Składy orzekające muszą też zapewnić obwinionemu koledze prawo do rzetelnego procesu i nie mogą ferować wyroku przed pójściem na naradę. Takie przesłanie płynie z orzeczenia, jakie zapadało w piątek w Sądzie Najwyższym.
Sprawa dotyczyła lekarza z województwa świętokrzyskiego. Kardiolog w 2009 r. zalecił pacjentce nie takie badania, jakich wymagał jej stan zdrowia. Choroba nie została więc wykryta. Kobieta zmarła.
Rodzina wniosła skargę na kardiologa do kieleckiej izby lekarskiej. Okręgowy Sąd Lekarski w Kielcach uznał kardiologa za winnego i ukarał go naganą.
Obwiniony odwołał się od orzeczenia sądu pierwszej instancji do Naczelnego Sądu Lekarskiego. Ten w grudniu 2013 r. podtrzymał stanowisko sądu z Kielc. Kardiolog wniósł więc kasację do SN, zgodnie z ustawą o izbach lekarskich. Podczas piątkowej rozprawy przed SN pełnomocnik kardiologa podnosił, że ten musiał wnieść kasację, gdyż został pozbawiony prawa do rzetelnego i obiektywnego procesu.

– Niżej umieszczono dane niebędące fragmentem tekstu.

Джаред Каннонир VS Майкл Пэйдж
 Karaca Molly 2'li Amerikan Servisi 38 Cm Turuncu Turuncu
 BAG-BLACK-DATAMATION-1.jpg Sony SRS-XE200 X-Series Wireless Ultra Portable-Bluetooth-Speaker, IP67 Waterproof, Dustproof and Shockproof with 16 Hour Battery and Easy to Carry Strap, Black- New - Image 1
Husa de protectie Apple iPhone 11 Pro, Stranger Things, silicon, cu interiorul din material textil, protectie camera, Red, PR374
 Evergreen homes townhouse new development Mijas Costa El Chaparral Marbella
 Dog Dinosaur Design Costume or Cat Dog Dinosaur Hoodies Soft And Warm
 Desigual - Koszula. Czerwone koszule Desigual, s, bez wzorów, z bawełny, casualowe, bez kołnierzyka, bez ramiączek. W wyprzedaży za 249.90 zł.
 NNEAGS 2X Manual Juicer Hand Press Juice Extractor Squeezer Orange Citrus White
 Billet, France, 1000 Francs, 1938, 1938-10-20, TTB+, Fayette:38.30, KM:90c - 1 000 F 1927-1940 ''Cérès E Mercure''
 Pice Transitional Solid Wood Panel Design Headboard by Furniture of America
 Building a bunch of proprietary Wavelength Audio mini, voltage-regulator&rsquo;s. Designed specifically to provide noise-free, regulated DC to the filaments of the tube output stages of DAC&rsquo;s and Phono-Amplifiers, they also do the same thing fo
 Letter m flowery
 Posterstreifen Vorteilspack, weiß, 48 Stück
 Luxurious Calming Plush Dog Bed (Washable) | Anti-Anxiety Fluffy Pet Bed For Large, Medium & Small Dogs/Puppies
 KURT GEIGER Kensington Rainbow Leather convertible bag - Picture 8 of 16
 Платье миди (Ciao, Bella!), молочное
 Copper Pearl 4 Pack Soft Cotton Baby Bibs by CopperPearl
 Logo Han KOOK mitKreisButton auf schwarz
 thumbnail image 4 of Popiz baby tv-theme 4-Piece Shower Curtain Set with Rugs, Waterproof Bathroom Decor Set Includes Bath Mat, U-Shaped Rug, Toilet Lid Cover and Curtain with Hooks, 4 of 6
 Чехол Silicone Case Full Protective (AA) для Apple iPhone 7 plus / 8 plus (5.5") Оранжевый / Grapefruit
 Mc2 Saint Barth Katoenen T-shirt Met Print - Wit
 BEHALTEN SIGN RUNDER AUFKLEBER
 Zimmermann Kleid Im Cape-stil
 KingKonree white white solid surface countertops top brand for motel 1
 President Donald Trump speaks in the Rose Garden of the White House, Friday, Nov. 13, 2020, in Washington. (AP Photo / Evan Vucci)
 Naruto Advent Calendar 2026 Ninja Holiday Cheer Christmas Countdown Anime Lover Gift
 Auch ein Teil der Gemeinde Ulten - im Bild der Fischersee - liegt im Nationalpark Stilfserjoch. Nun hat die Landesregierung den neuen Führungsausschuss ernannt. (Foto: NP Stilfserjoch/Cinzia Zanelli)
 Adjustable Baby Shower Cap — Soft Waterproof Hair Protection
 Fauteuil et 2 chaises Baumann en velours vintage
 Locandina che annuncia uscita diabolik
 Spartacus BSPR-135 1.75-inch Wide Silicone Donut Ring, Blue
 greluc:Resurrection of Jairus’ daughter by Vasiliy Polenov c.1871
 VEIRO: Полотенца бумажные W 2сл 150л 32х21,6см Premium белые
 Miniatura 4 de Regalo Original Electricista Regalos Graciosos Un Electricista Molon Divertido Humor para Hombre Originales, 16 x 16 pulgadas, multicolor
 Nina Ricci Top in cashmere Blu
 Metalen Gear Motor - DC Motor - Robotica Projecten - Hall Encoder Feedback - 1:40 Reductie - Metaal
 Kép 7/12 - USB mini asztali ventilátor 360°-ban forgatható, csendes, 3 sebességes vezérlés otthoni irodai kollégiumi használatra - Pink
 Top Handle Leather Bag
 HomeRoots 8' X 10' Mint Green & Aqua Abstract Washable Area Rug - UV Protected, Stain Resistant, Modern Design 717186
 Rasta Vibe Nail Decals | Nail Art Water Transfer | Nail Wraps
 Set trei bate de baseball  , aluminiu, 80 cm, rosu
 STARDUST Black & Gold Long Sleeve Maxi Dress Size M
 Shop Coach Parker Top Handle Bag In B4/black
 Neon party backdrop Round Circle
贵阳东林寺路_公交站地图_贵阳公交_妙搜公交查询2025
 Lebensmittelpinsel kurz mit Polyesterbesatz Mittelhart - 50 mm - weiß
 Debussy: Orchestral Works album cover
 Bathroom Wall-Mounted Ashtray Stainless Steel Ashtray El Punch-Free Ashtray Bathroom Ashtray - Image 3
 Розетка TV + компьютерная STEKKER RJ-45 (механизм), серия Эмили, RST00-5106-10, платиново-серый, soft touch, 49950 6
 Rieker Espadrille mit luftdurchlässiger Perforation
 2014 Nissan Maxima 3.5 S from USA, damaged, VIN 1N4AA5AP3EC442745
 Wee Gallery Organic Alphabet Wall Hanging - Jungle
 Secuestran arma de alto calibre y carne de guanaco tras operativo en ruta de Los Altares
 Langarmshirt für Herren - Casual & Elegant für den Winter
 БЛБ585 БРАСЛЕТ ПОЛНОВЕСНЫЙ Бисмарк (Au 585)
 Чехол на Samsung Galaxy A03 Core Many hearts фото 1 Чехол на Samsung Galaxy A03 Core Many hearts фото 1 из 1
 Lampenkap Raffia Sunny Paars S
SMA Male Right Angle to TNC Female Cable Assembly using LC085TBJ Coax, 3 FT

Pięcioosobowy skład orzekający NSA miał nie dopuścić w trakcie rozprawy wniosku kardiologa o dopuszczenie dowodu z opinii innych lekarzy niż ci, którzy jako eksperci oceniali przypadek pacjentki. Poza tym – jak mówił obrońca – przewodniczący składu orzekającego oświadczył, że kardiolog jest winny, zanim udał się z pozostałymi lekarzami na naradę poprzedzającą wydanie orzeczenia.